By the number of Vote No on Proposition A signs and commercials, you would think that at least half of the people must have union jobs. So I Googled and found, according the U. S. Bureau of Labor Statistics, this note worthy fact.   Union membership in Missouri is approximately, 226,000 workers which is 8.7% of the total work force plus another 39,000 workers who have no affiliation with the union but are forced to pay union dues in the form of fees in order to stay employed.  It has been estimated that 34% of that union membership, approximately 75,000 workers do not agree with the political ideology that the union spends their dues on.
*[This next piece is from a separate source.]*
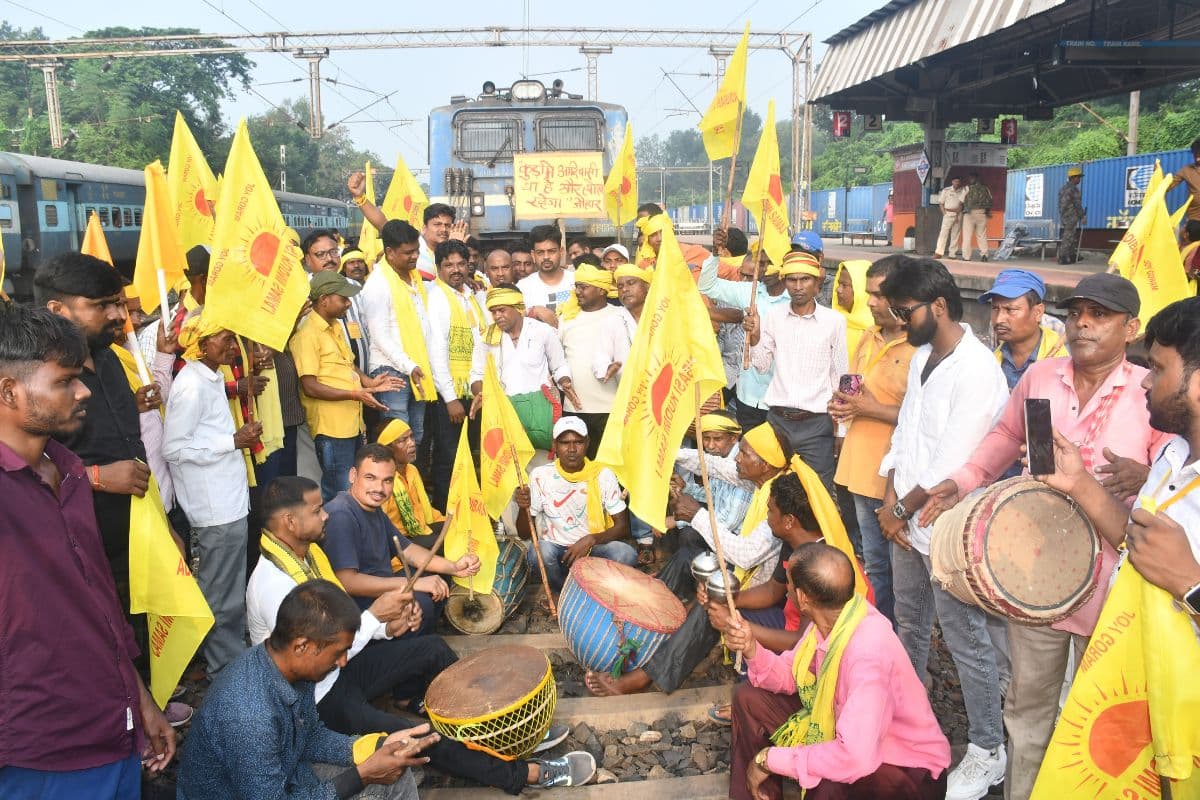 Kurmi Andolan: 26 से अधिक ट्रेनें रद्द, 24 से अधिक के मार्ग बदले, दिनभर परेशान रहे यात्री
Despite all the propaganda you hear from the unions the fundamental question that fair minded citizens of Missouri are being asked to consider is should a worker be required to pay dues or fees to a union in order to get and keep a job.  It does not get rid of unions, but the worker has the right to chose to give the money to a union that spends their money in a manner consistent with their values.

 Money, as always in political issues, is what is at stake.  YES advocates have cash contributions of $5,060,141.86  while the NO advocates have raised $15,755,026.93.  It should not be a surprise that $4,096,994 came from the AFL-CIO, Teamsters, and Carpenters unions.  Obviously, the unions have a lot at stake as well as democrat politicians. From 2008 - 2016, unions have funneled $5.6 billion  into Democrat coffers with the bulk going to campaign funds. These funds elect politicians that support abortion, Planned Parenthood, high taxes, unnecessary business regulations, and gun confiscation.

Unions supported every politician that voted for Obamacare knowing that the employer paid health insurance they had fought for would end up being taxed at a 40% rate, commonly known as the Cadillac tax scheduled for 2020.   The United Mine Workers were also thrown under the bus, by those same politicians who didn’t want coal to provide electricity.

Union money supported the politicians that have been exporting your jobs out of the country via NAFTA.  Missouri lost Zenith a large respected television brand to foreign competition. Closer to home Monroe City was hit with the closing of Dye Makers which supplied parts for the auto industry.  Small towns throughout rural Missouri once had shoe factories, mines, and brick factories, now they’re in Mexico, Canada and China. That $5.6 billion of union dues bought political influence with Democrats.  Meanwhile, national union officials haven’t lost a dime or a job while hundreds of thousands of union workers have lost their jobs.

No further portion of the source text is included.